Nel libro è raccontato l’intreccio
tra le parabole esistenziali dei diversi protagonisti e il contesto politico
circostante. Harry Victor è un membro influente del Congresso americano che a
un certo punto farà il passo più lungo della gamba, presentandosi senza
successo alle elezioni presidenziali. Inez è la sua bella moglie, che
saltabecca tra i più diversi impegni mondano-umanitari come spesso accade a una
first lady in pectore. Jack Lovett è un uomo solitario ed enigmatico che
traffica ad altissimo livello in mezzo mondo, muovendo enormi quantità di soldi
e armi con metodi non propriamente leciti.
Inez e Jack vivono da decenni una sotterranea storia d’amore che nulla e
nessuno è in grado di arrestare. Da un incontro all’altro possono trascorrere
anche degli anni: i loro cuori restano comunque indissolubilmente legati. Ed è
l’intero pianeta a punteggiare quegli incontri: Honolulu come Washington,
Giacarta come New York. Perché a Joan Didion preme raccontare - lungo un arco
temporale che va dall’immediato dopoguerra fino alla metà degli anni 70 - il
cambiamento epocale di una politica americana imperialista, preda di un sistema
mediatico sempre più cinico e sprovvista ormai della benché minima moralità.
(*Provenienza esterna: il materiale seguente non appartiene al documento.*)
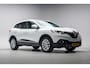 Renault Kadjar 1.2 TCe Intens [ Navi Camera Trekhaak ]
Non
a caso la storia trova il suo fuoco irradiante nei giorni drammatici della
disfatta vietnamita, con l’abbandono precipitoso dell’ambasciata di Saigon.
Siamo nel 1975 e quella data segna un punto di non ritorno: non soltanto per
una certa idea di politica (e si coglie qui tutta l’ironia del titolo
Democracy), ma anche per le vite dei protagonisti. In pochi mesi tutto si
sfalda: la vita familiare di Inez e Harry va definitivamente in pezzi; Inez ha
deciso di seguire Jack, ma le malefatte dell’uomo vengono a galla negli stessi
giorni in cui, all’insaputa del mondo, Jack muore improvvisamente nella piscina
di un hotel di Giacarta. Ora Inez è veramente sola e si ritira per sempre a
Kuala Lumpur, cercando vanamente di ritessere i fili della propria esistenza. A
chi le chiede perché abbia scelto di trascorrere proprio lì il resto dei suoi
giorni, risponde con poche, telegrafiche parole: «Colori, umidità, calore, l’aria abbastanza azzurra». Quanto le
rimane di una vita solo in apparenza dorata.